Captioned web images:
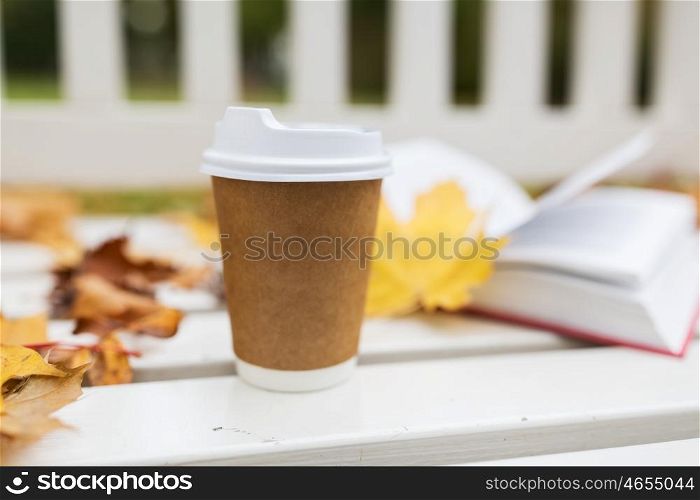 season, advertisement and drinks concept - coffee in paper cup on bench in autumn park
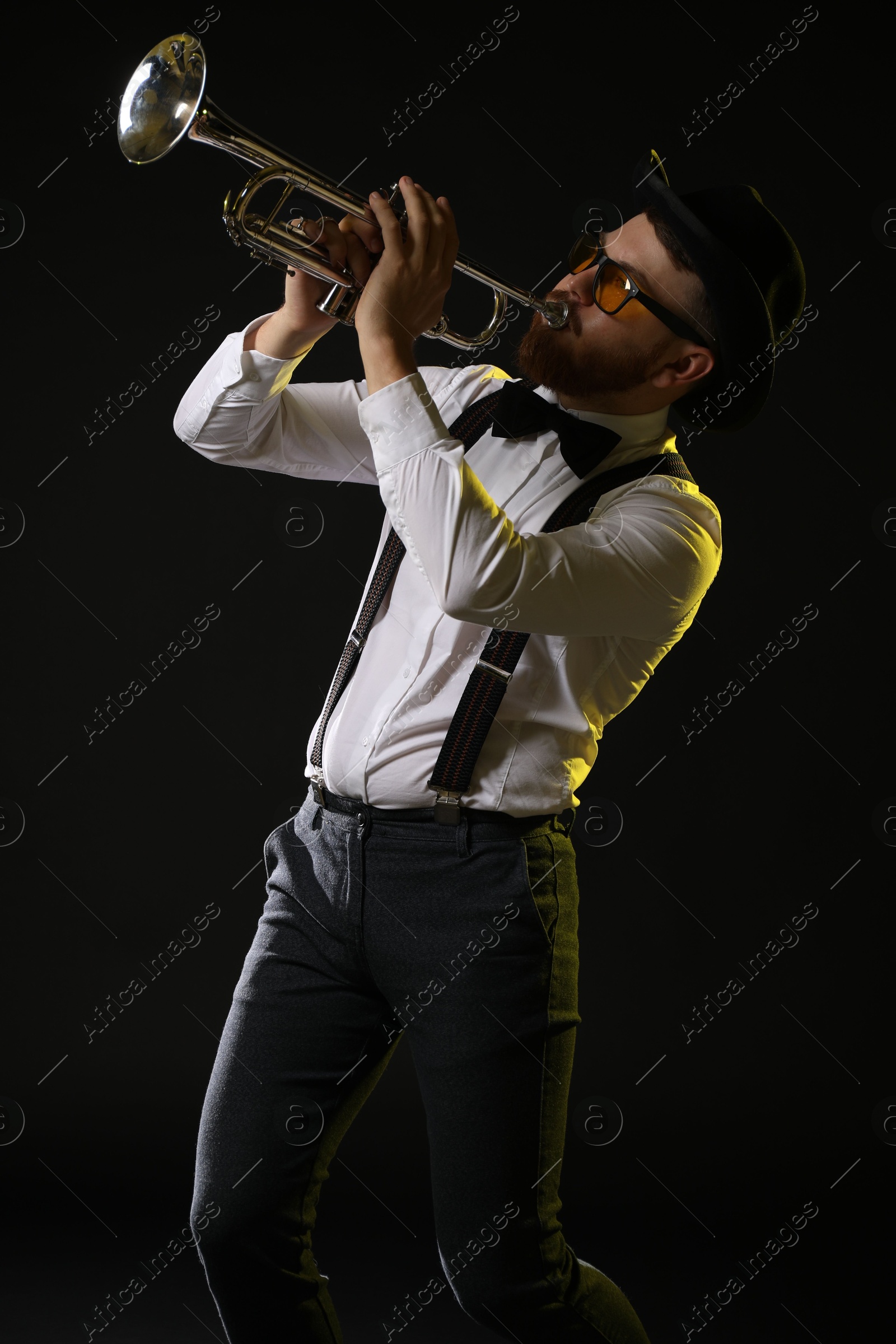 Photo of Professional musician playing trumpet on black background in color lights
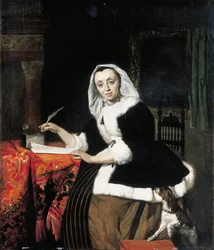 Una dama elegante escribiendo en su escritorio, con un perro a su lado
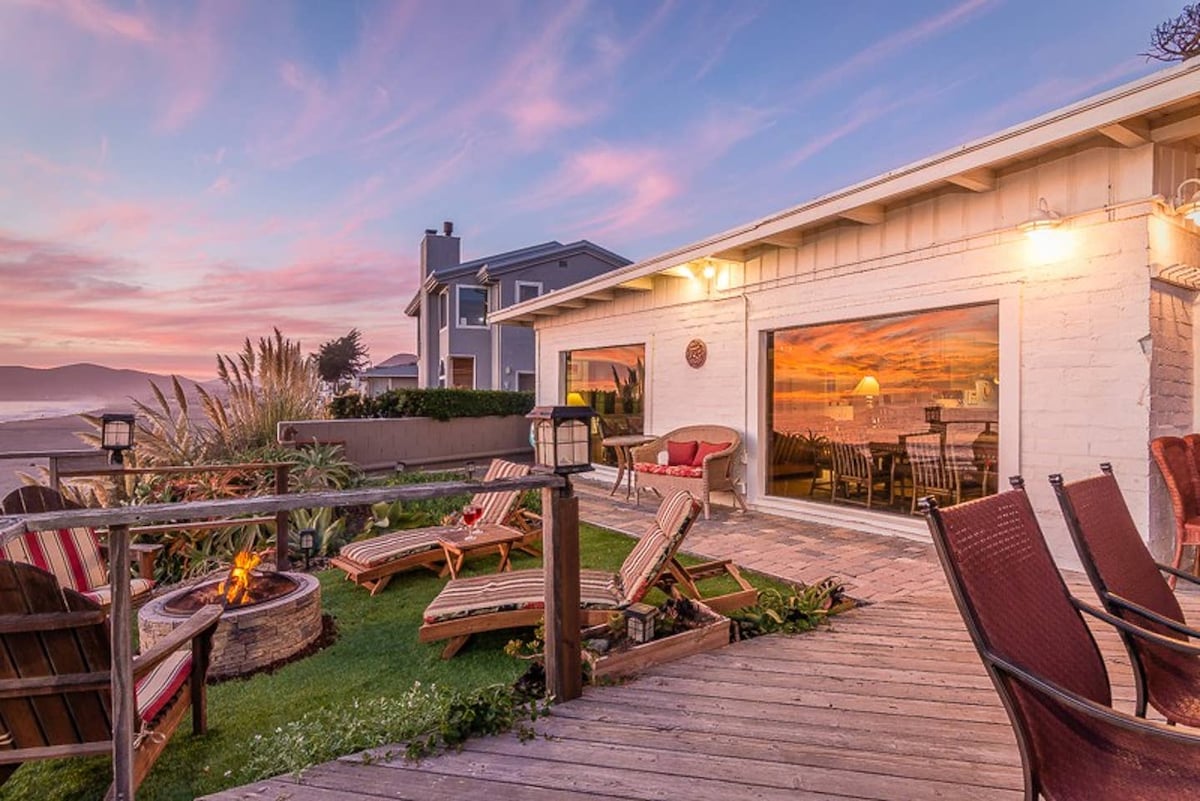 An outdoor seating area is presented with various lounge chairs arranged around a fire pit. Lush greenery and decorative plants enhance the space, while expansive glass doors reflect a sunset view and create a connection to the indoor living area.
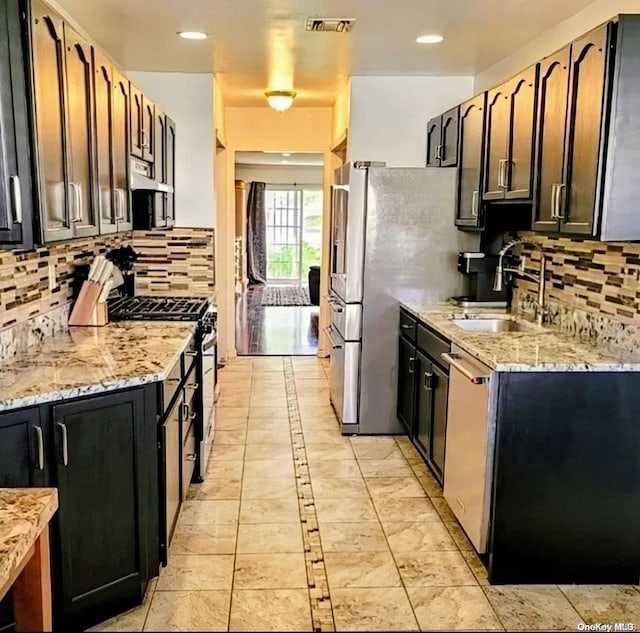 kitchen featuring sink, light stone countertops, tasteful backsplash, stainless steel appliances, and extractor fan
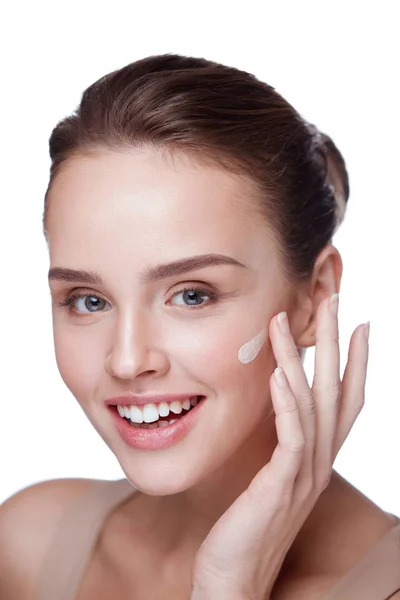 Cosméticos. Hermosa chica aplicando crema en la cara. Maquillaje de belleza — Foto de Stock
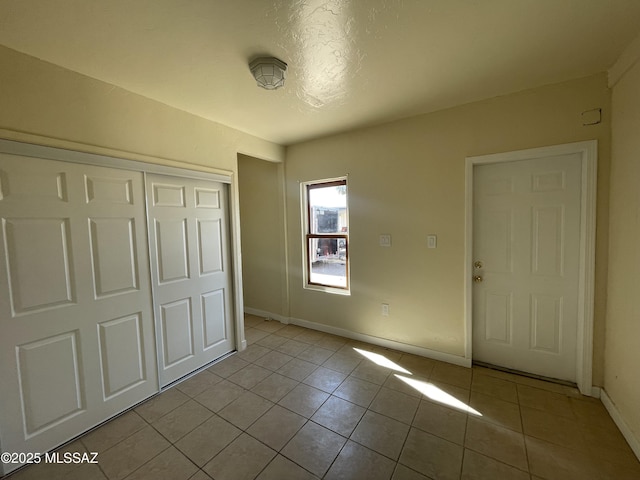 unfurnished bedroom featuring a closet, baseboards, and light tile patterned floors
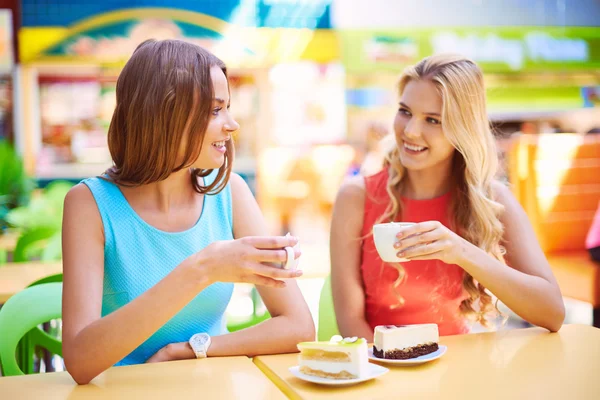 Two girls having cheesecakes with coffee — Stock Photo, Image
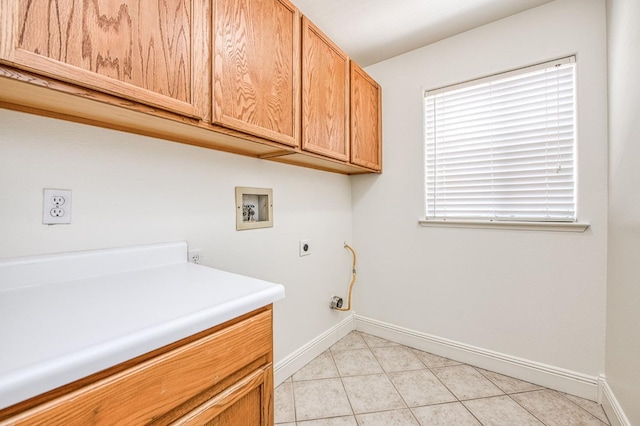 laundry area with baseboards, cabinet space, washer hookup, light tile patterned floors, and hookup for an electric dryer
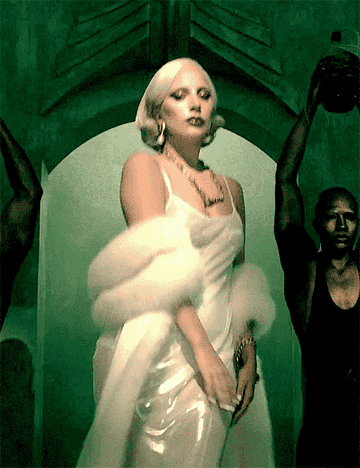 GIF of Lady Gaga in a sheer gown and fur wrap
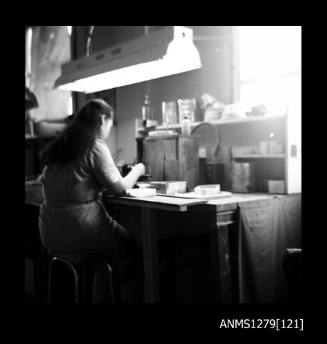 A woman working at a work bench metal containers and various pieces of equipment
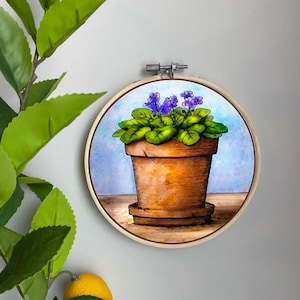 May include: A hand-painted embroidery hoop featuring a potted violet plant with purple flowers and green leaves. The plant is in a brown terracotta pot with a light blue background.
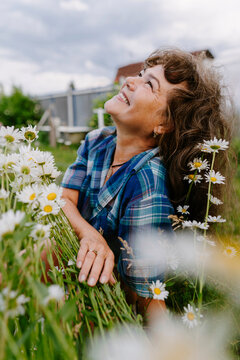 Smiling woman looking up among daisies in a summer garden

### Requirement
Retype the records above exactly, starting at the line that contains "A woman working" and going through the last line, and leave out any pictures.

### Written solution
 A woman working at a work bench metal containers and various pieces of equipment
 May include: A hand-painted embroidery hoop featuring a potted violet plant with purple flowers and green leaves. The plant is in a brown terracotta pot with a light blue background.
 Smiling woman looking up among daisies in a summer garden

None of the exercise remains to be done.